Maslow posited a hierarchy of human needs based on two groupings: Within the deficiency needs, each lower need must be met before moving to the next higher level. Once each of these needs has been satisfied, if at some future time a deficiency is detected, the individual will act to remove the deficiency.
The first four levels are: According to Maslow, an individual is ready to act upon the growth needs if and only if the deficiency needs are met.
Self-actualized people are characterized by: For example, individuals at the lowest level seek coping information in order to meet their basic needs.Educational psychology is the branch of psychology concerned with the scientific study of human ph-vs.com study of learning processes, from both cognitive and behavioral perspectives, allows researchers to understand individual differences in intelligence, cognitive development, affect, motivation, self-regulation, and self-concept, as well as their role in learning.

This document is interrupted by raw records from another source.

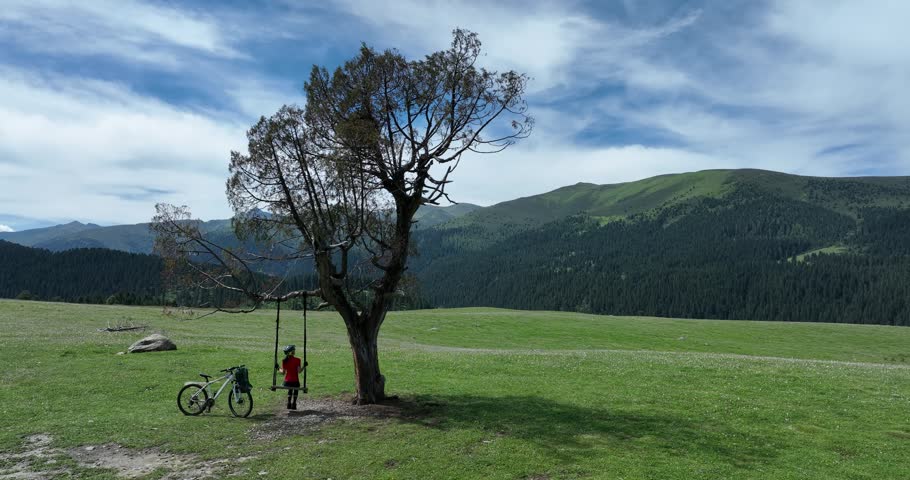 Woman swinging on flowering grassland mountain top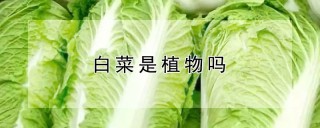 白菜是植物吗,第1图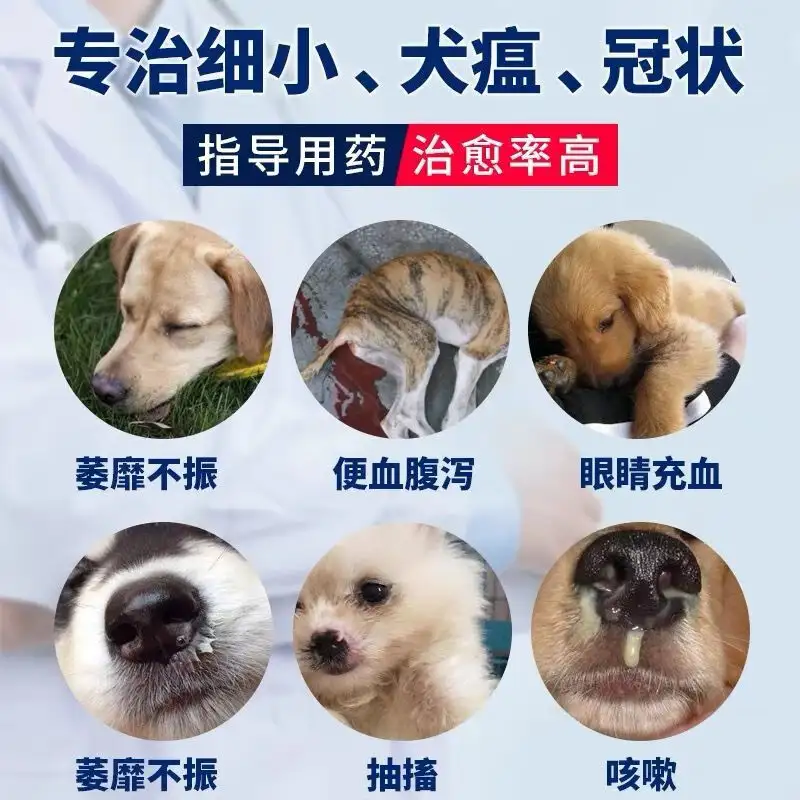 成年狗得了犬瘟的狗能活多久(成年狗得了犬瘟的狗能活多久呀)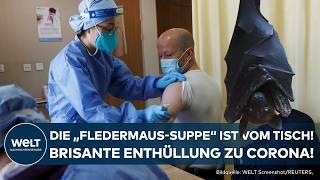 LABOR-THEORIE ZU CORONA: Brisanter BND-Bericht bestätigt Laborunfall in Wuhan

Maslow, leading founders of Humanistic Psychology. () the last chapter of which, entitled "Toward a Positive Psychology," lays out a research agenda that has much in common with Seligman's proposal.
This article will explore the common ground between positive and humanistic view of the human being as irreducible to parts, needing. In Abraham Maslow's "Toward a Psychology of Being", he starts out advocating for a health and growth psychology, in which the basic values are obtained from research and clinical experiences with healthy persons, it is not about deficiencies or about getting 'unsick'/5(4).
was a founder of humanistic psych; develped theory of personality and form of psychtherapy that emphasized the inherent worht of people, the innate tendency to strive toward one’s potential, and the importance of the self-concept in personality development; key ideas: the actualizing tendency and unconditional positive regard.
Maslow's Theory of Motivation - Hierarchy of Needs In , Dr. Abraham Maslow 's article "A Theory of Human Motivation " appeared in Psychological Review, which were further expanded upon in his book: Toward a Psychology of Being In this article, Abraham H.
Maslow attempted to formulate a needs-based framework of human motivation and based. A comprehensive review of positive psychology. Positive psychology. William D. Tillier; Calgary Alberta; Update: Under construction.